Strings in Java are not truly immutable, you can change their value's using reflection and or class loading. You should not be depending on that property for security.
For examples see: Magic Trick In Java
Immutability is good. See Effective Java. If you had to copy a String every time you passed it around, then that would be a lot of error-prone code. You also have confusion as to which modifications affect which references. In the same way that Integer has to be immutable to behave like int, Strings have to behave as immutable to act like primitives. In C++ passing strings by value does this without explicit mention in the source code.

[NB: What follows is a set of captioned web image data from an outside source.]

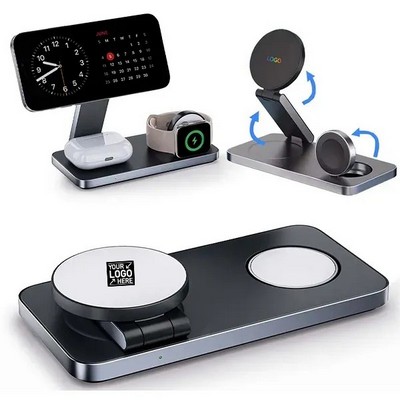 Compact Foldable 3-in-1 Wireless Charging Station for Multiple Devices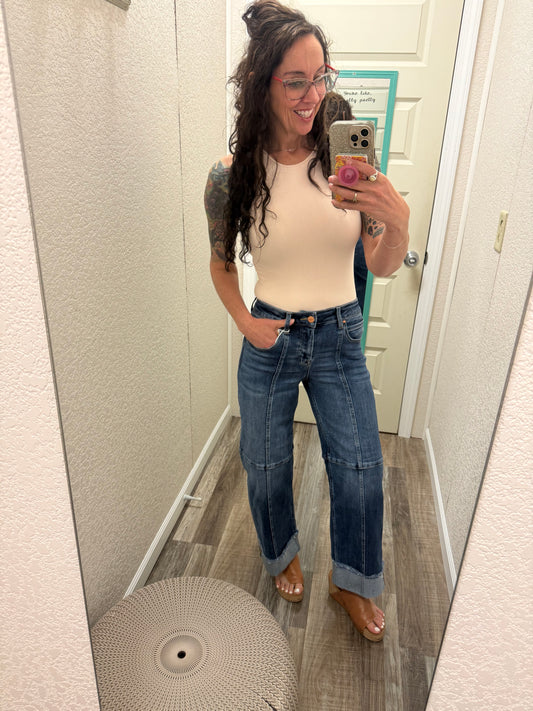 Suzie Q SLOUCHY CROP WIDE SEAM DETAILED JEANS Risen Jeans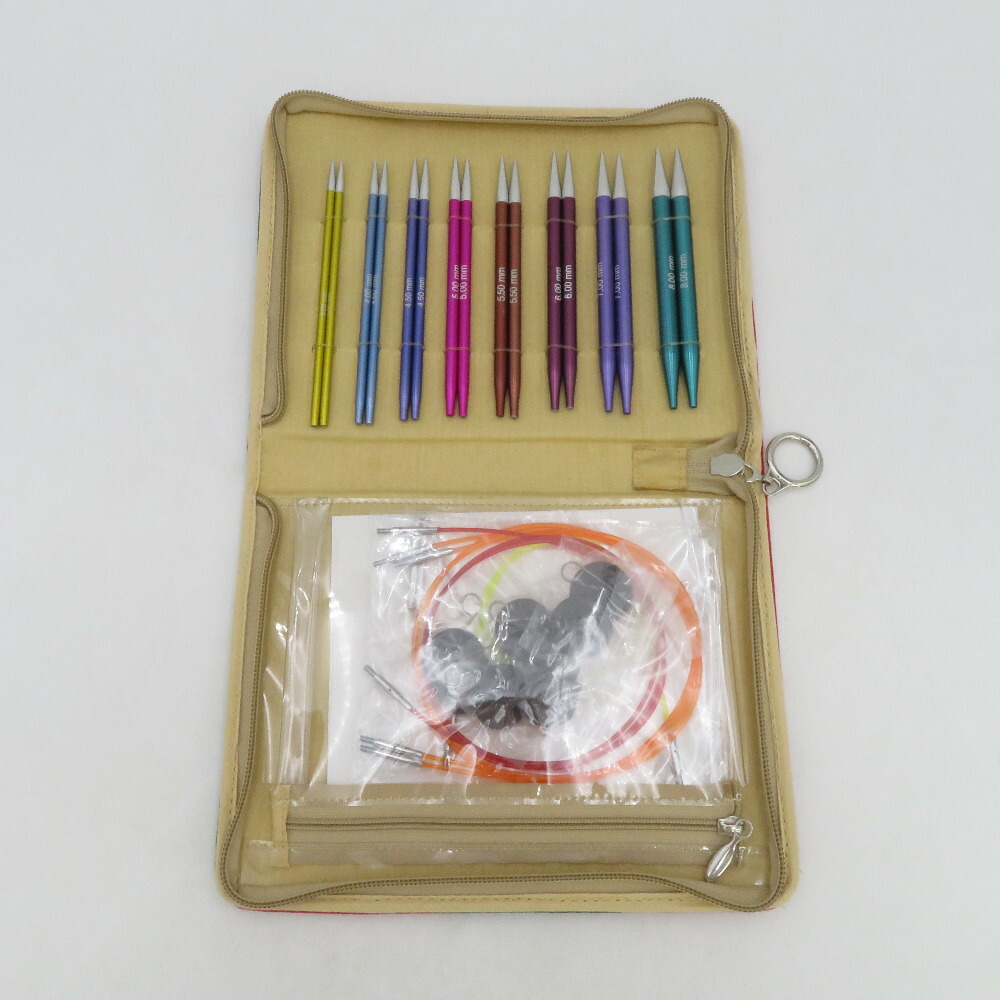 仕立てもの御先棒 KnitPro 編み物労働者階級 zing 取り替えっこ式輪針書き割り（8大きさ・付け替え吊りひも4本・容れもの付き添い人）旧ひな形【中古】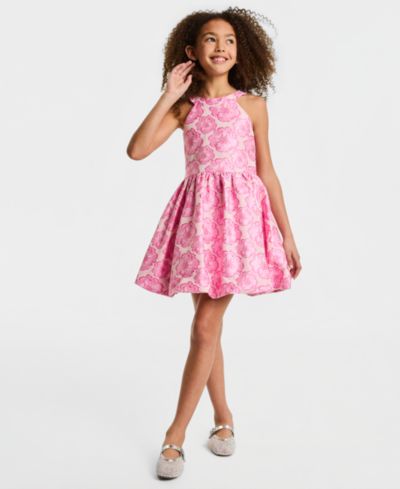 Платье Rare Editions Girls' 7-16 Floral Jacquard Halter Sleeveless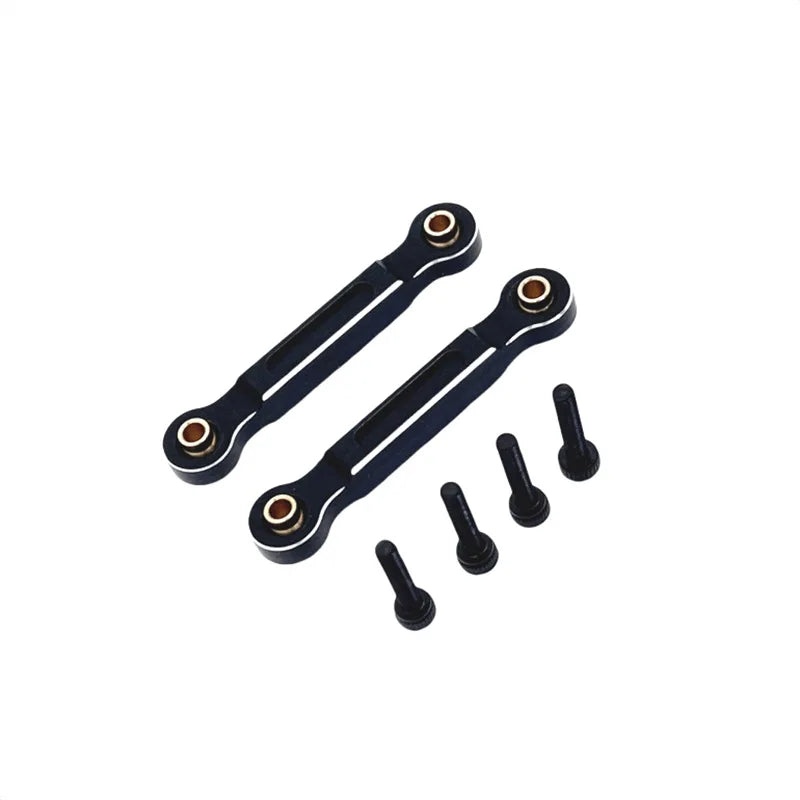Aluminum front steering link for Hyper GO MJX 1/14 RC crawler with mounting hardware.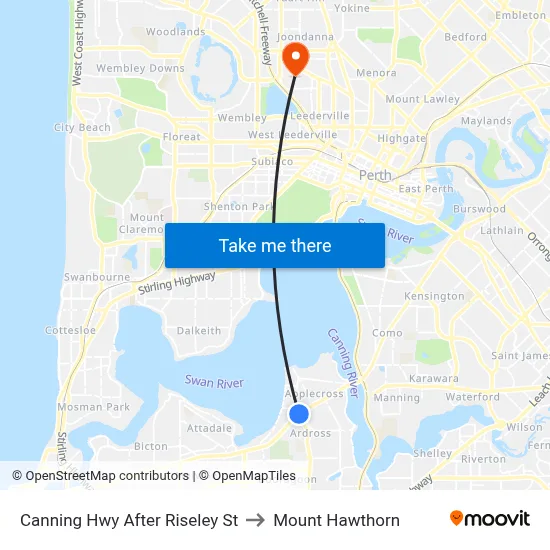 Canning Hwy After Riseley St to Mount Hawthorn map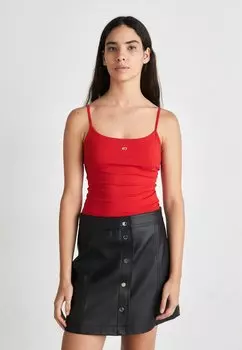 Топ Essential Strap Top Tommy Jeans, цвет deep crimson
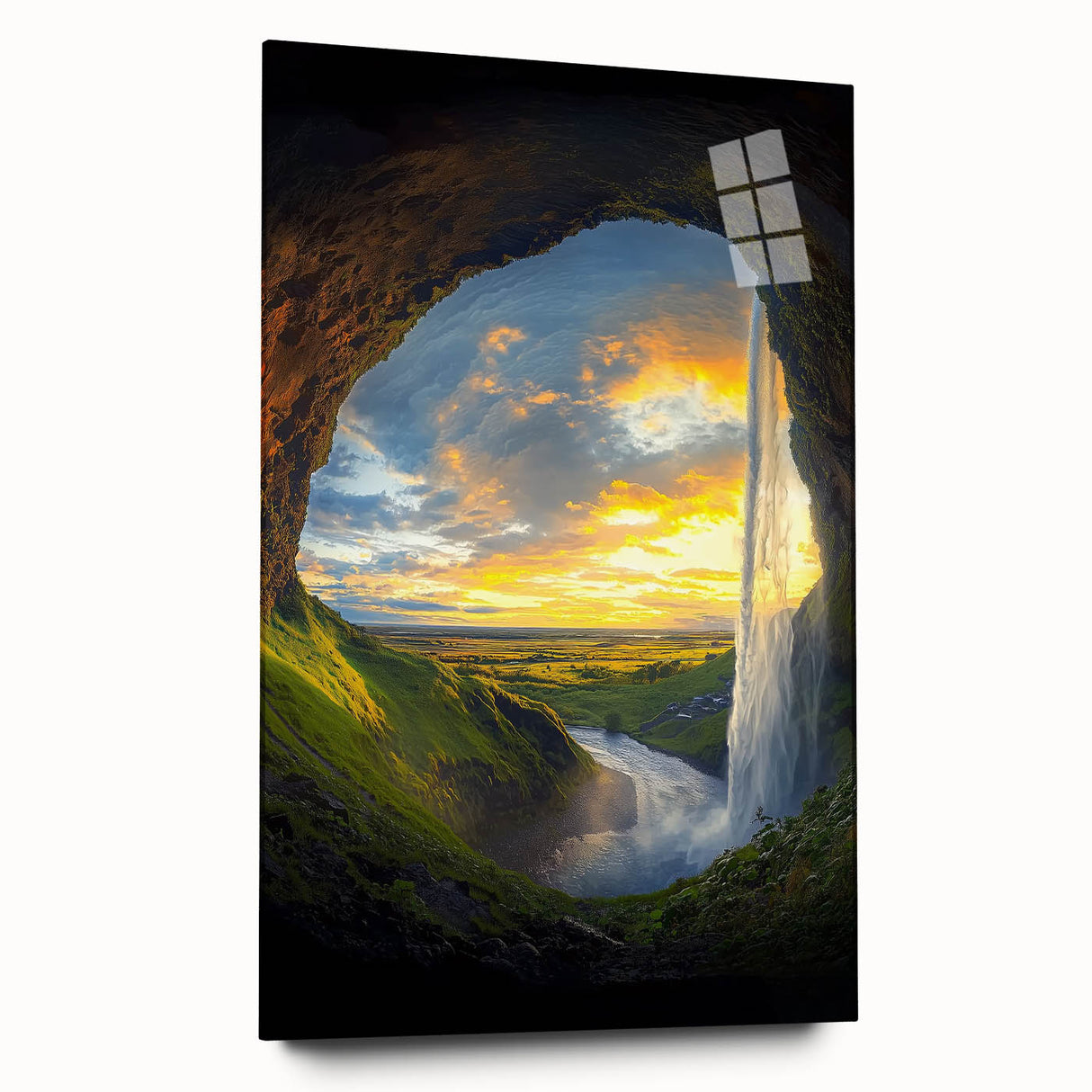 Acrylic glass artwork showcasing a vibrant landscape design with cave elements, viewed from the side, emphasizing rich colors and textures for modern home decor.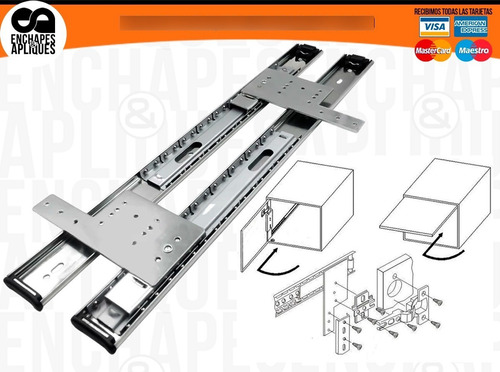 Imagen 3 de 4 de Riel Puerta Escondida Oculta 46 Cm - Juego (iva Inclu)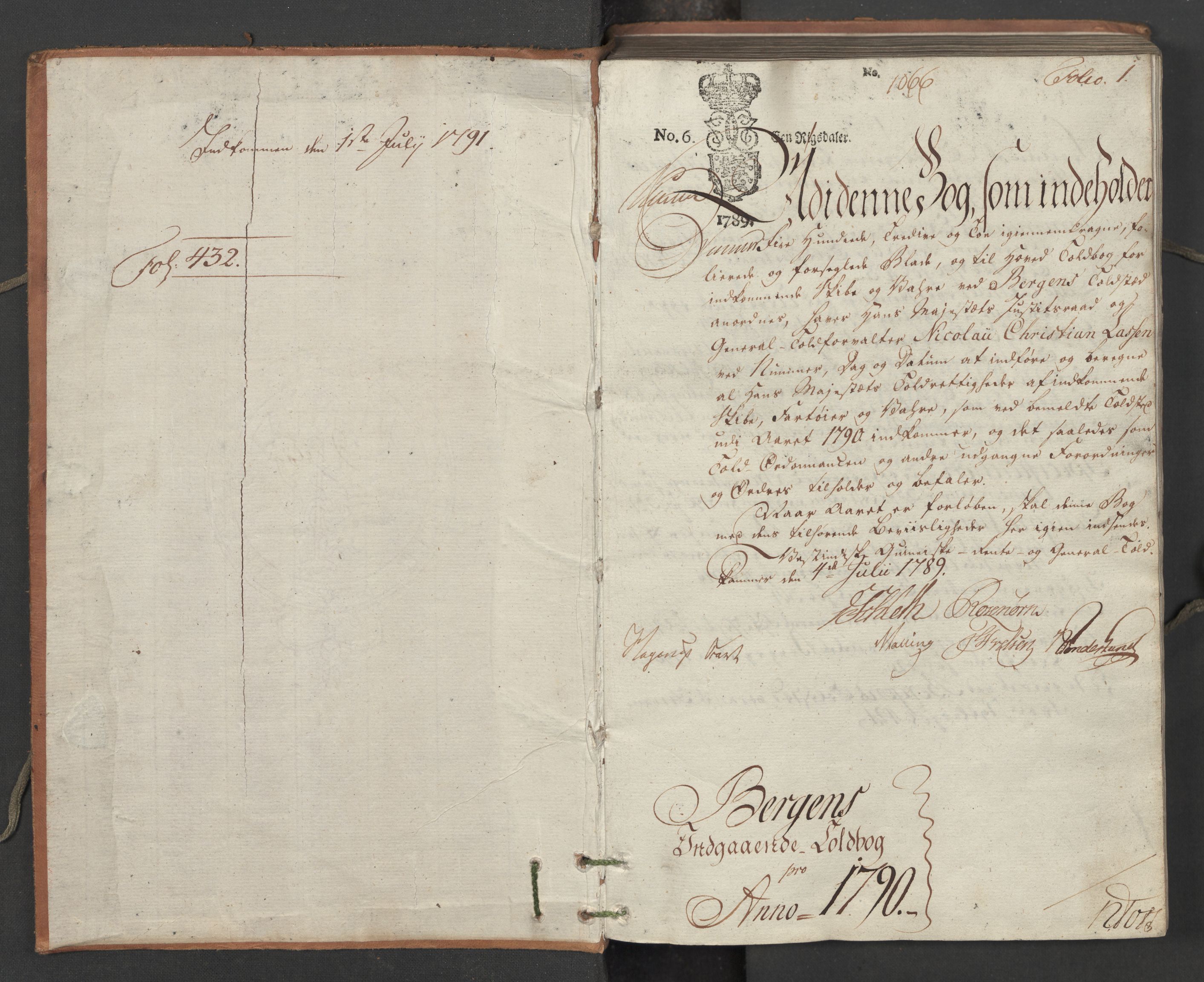 Generaltollkammeret, tollregnskaper, RA/EA-5490/R26/L0242/0001: Tollregnskaper Bergen A / Inngående tollbok I, 1790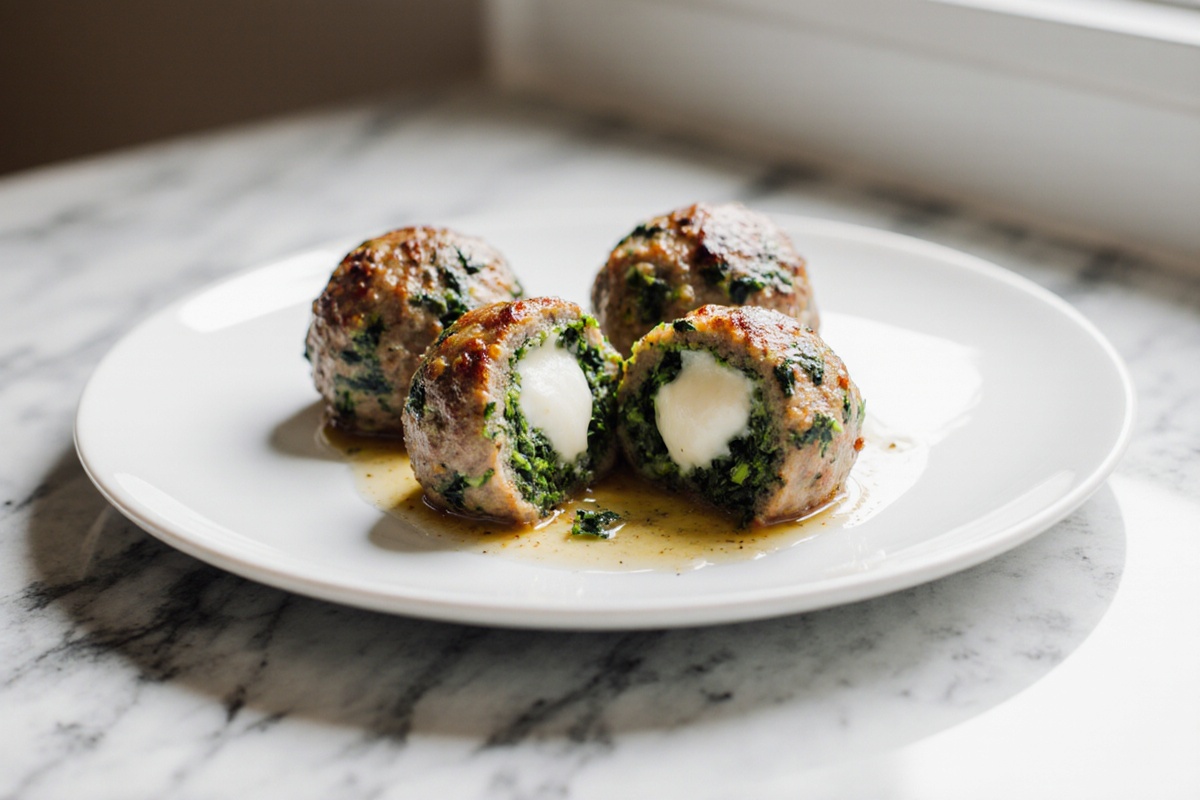 Spinach Garlic Meatballs with Mozzarella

There is an exception for nearly almost every rule:
using System;
using System.Runtime.InteropServices;
namespace Guess
{
class Program
{
static void Main(string[] args)
{
const string str = "ABC";
Console.WriteLine(str);
Console.WriteLine(str.GetHashCode());
var handle = GCHandle.Alloc(str, GCHandleType.Pinned);
try
{
Marshal.WriteInt16(handle.AddrOfPinnedObject(), 4, 'Z');
Console.WriteLine(str);
Console.WriteLine(str.GetHashCode());
}
finally
{
handle.Free();
}
}
}
}
It's largely for security reasons. It's much harder to secure a system if you can't trust that your Strings are tamperproof.